Magere Brug was build after a typical Dutch architecture plan and provided with wooden structure. The bridge was thought as a balanced one, double-swiped, so that traffic on
the river would not suffer changes.
Nowadays, however, the name of the bridge is no longer justified, as the bridge was
rebuild into a wider one in 1871. Widening Magere Brug had become a necessity even
back in the 19th century, as traffic on the river and commerce had made it one of the
most accessed ways to the other side of the Amstel.
There are many legends about Magere Brug or, at least, somehow referring to it.

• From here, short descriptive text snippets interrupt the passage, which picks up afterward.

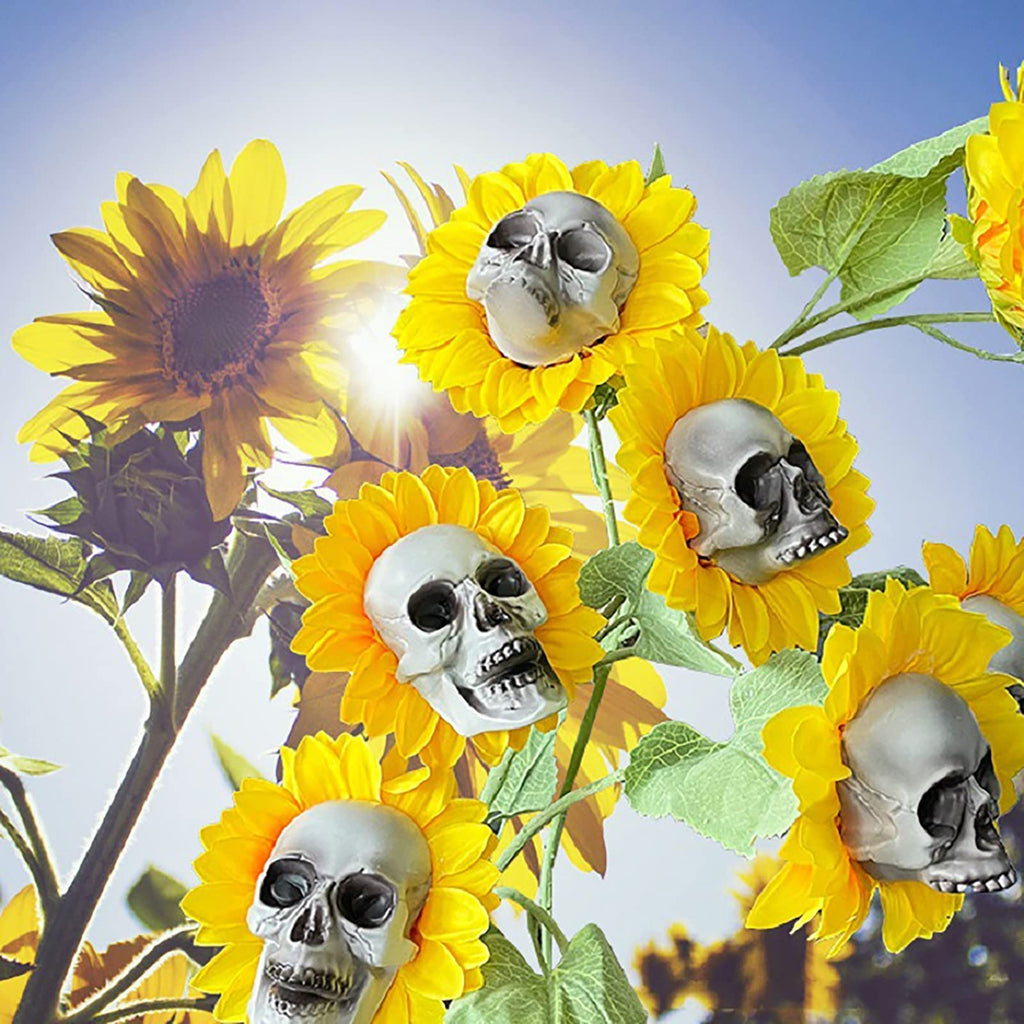 Halloween Skull Sunflower Decor for Parties & Haunted Houses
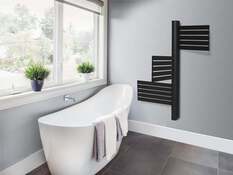 Sèche-serviettes pivotant noir 500 W aluminium thermostat lcd - 121 x 55 x 9 cm - Carrera - Brico Dépôt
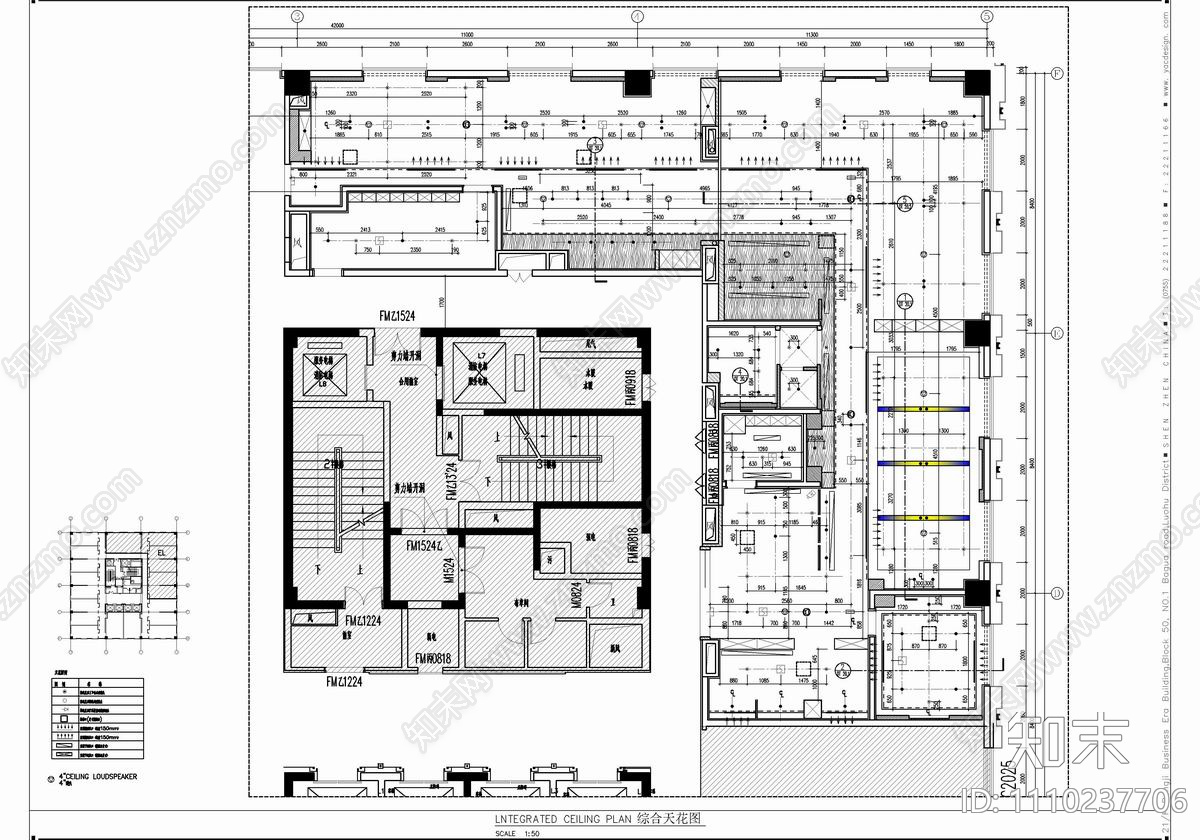 希尔顿酒店行政酒廊CAD施工详图施工图下载【ID:1110237706】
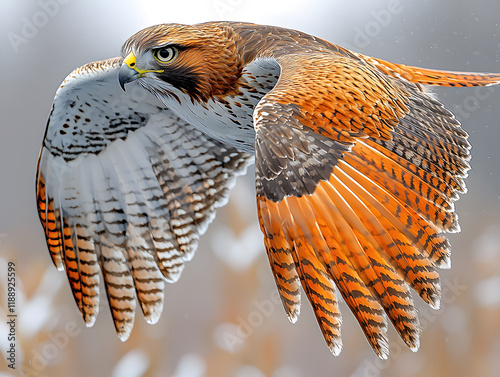 
A vibrant close-up of a hawk in mid-flight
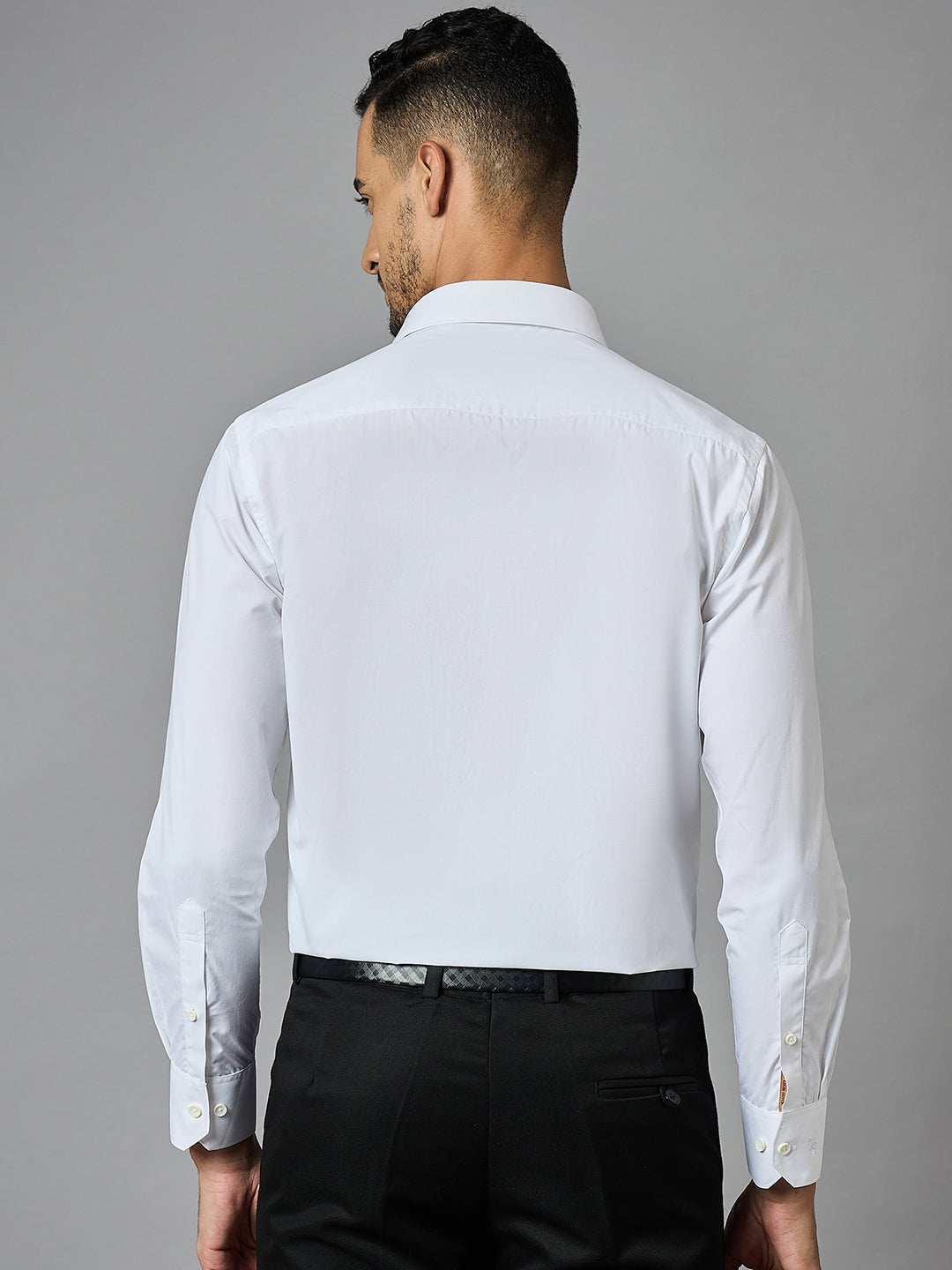 Men's Solid White Full Sleeves Regular Fit Formal Shirt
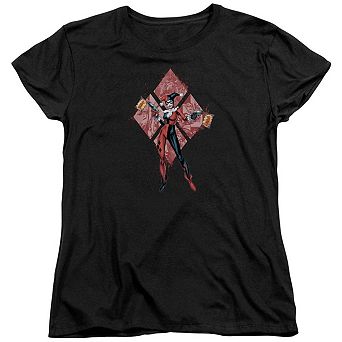 Batman Harley Quinn (diamonds) Short Sleeve Womens T-shirt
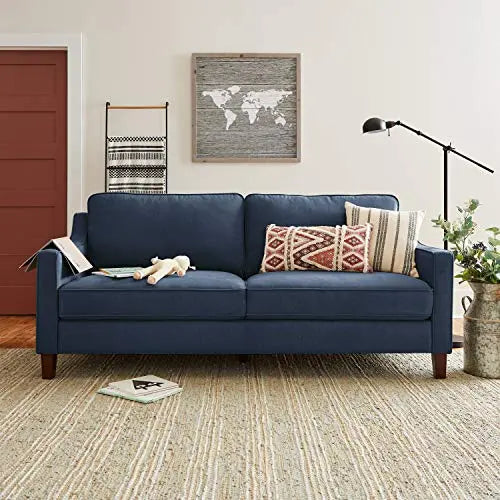 Amazon Brand  Stone & Beam Blaine Modern Sofa Couch - Navy Blue Stone & Beam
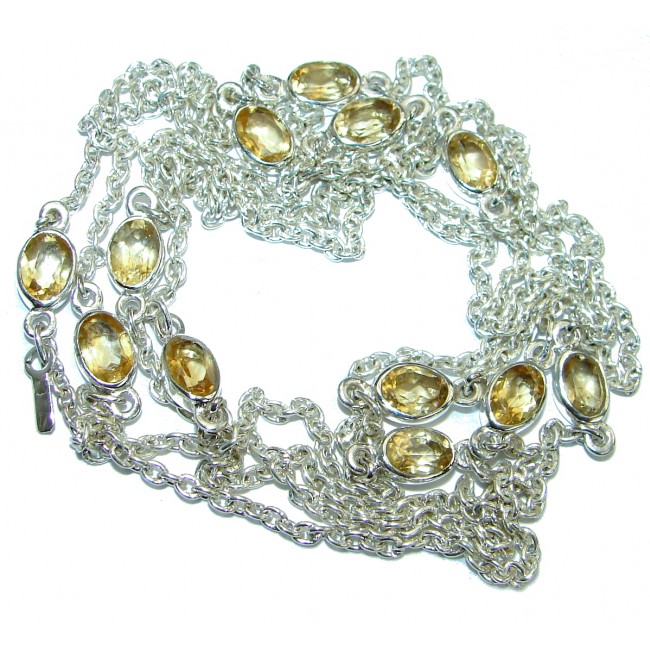36 inches Citrine .925 Sterling Silver handmade Station Necklace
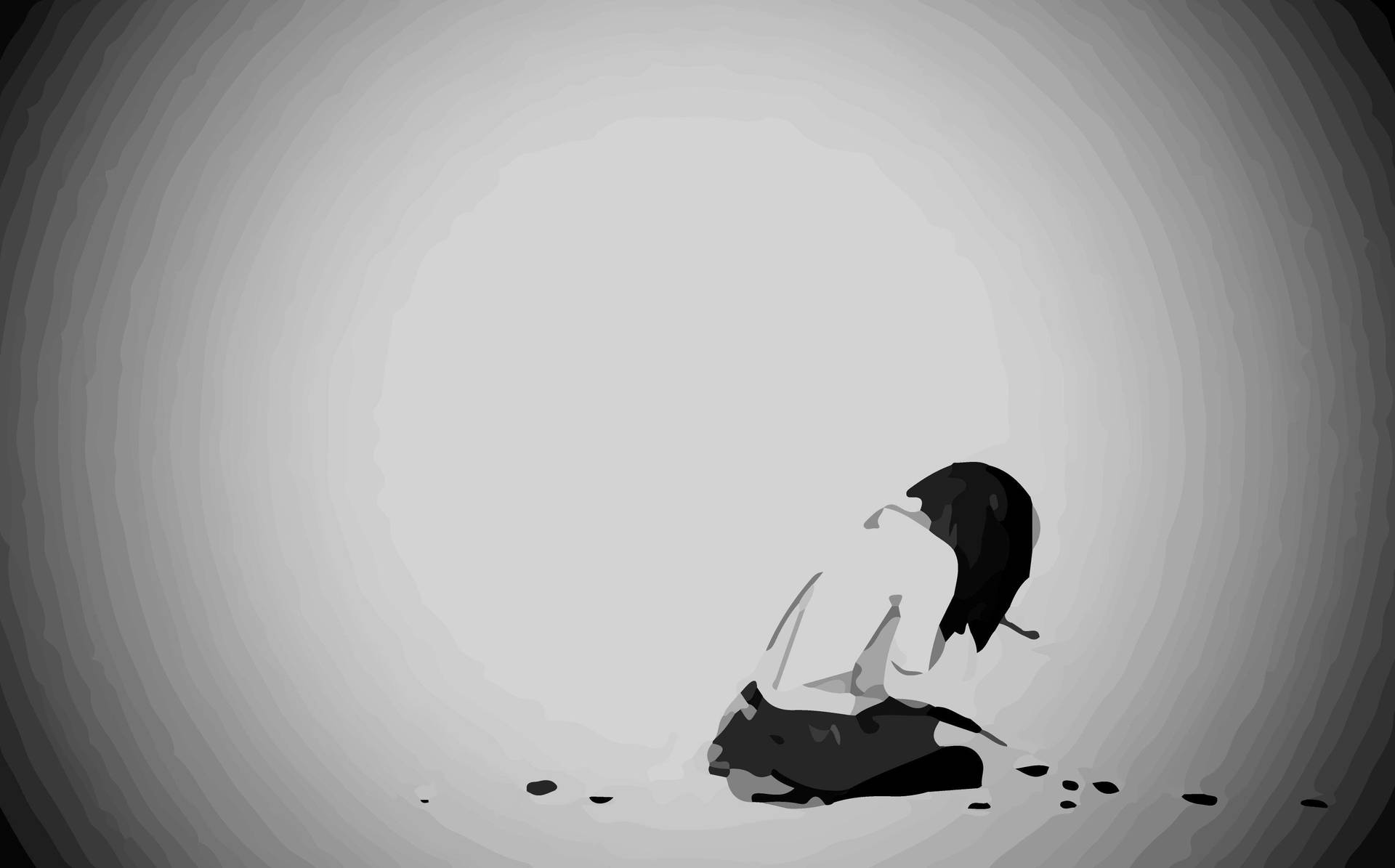 Download Depressed Anime Girl Black Grey Abstract Wallpaper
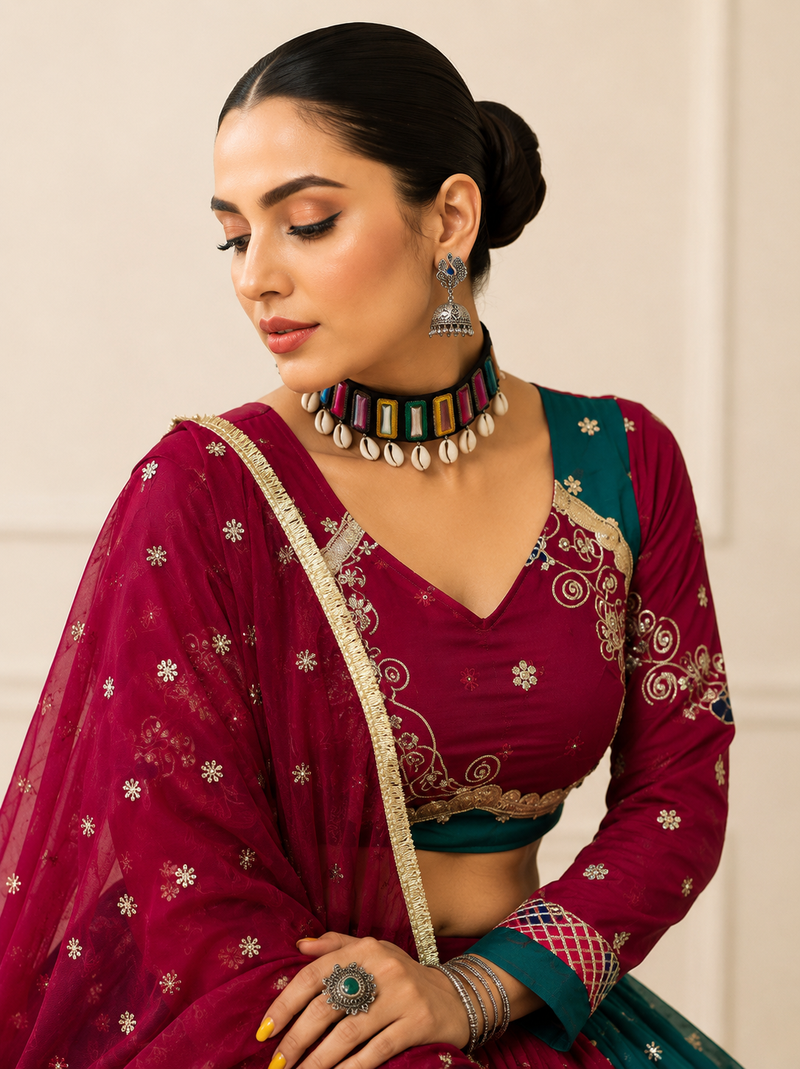 Multicolor Vintage Fox Georgette Embroidered Chaniya Choli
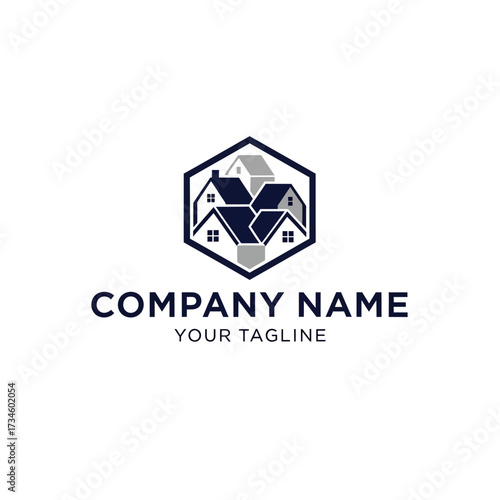 Real estate logo design featuring a cluster of houses within a hexagon frame, with placeholder text for company name and tagline.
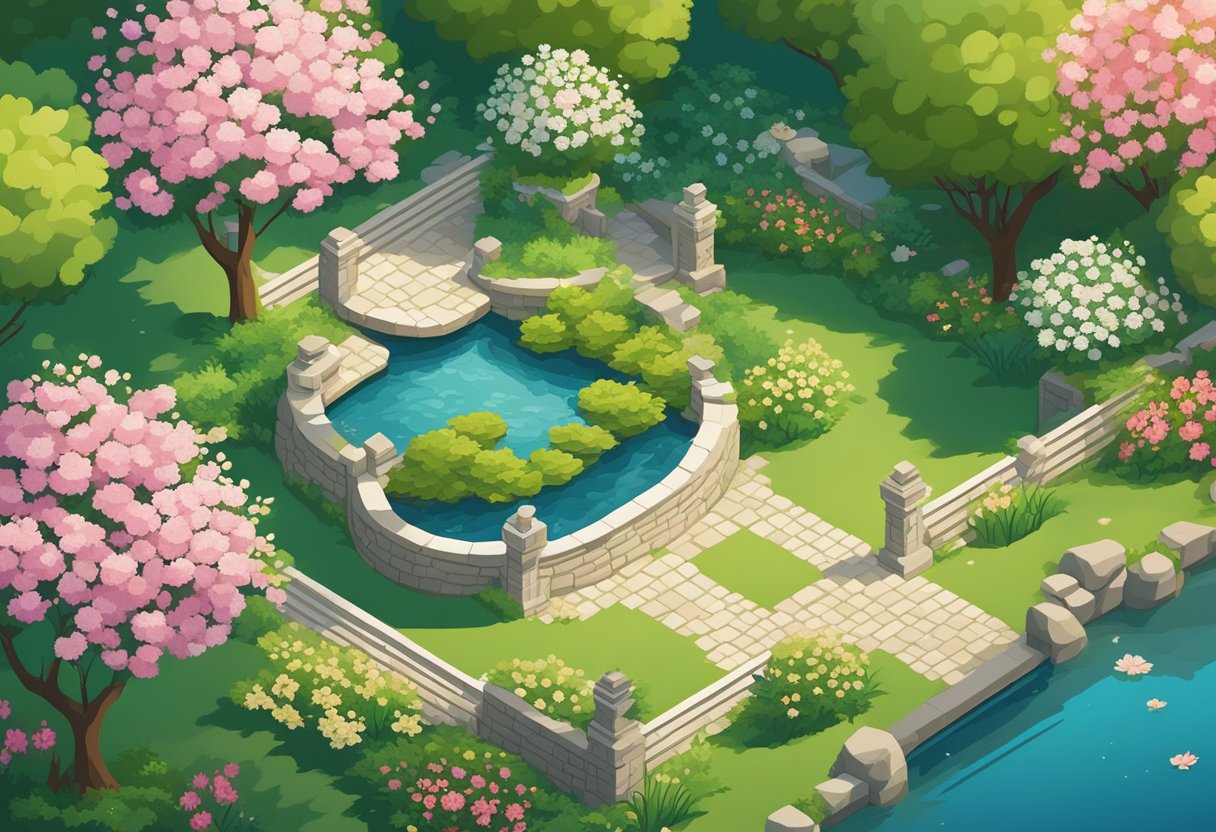 A tranquil garden with blooming flowers, a peaceful pond, and a gentle breeze rustling through the trees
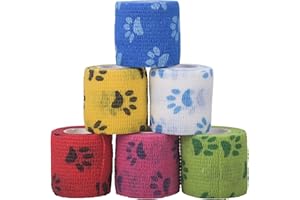 XNHIU Euvoym 6 Rolls Paw Print Pet Vet Wrap Self-Adhesive Pet Elastic Bandage Non- Woven Elastic Cohesive Tapes for Wrist Healing, Ankle Sprains & Swelling (Paw Print)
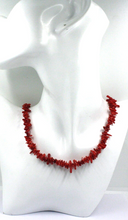 Load image into Gallery viewer, 18k yellow gold necklace 24" with tube red bamboo coral length 5-15mm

One
of them speaks about the way the bridge got its name. the legend tells that the Mager sisters, living each on one different side of the Amstel river, needed a way to visit each
other with the least difficulty possible. This is how Magere Brug is said to have appeared borrowing its name from the two legendary sisters.
Other tales claim that Magere Brug is called this way due to its initial narrow architecture. Skinny (mager in Dutch) was used as a metaphor of the real difficulty of two persons to
walk next to each other on the bridge before its rebuild in 19th century.
Magere Brug is a kind of a protector of lovers, because once dark falls, the thousand
of lights of the bridge gather lovers and sweet whispers. The atmosphere is unique and emanates poetry.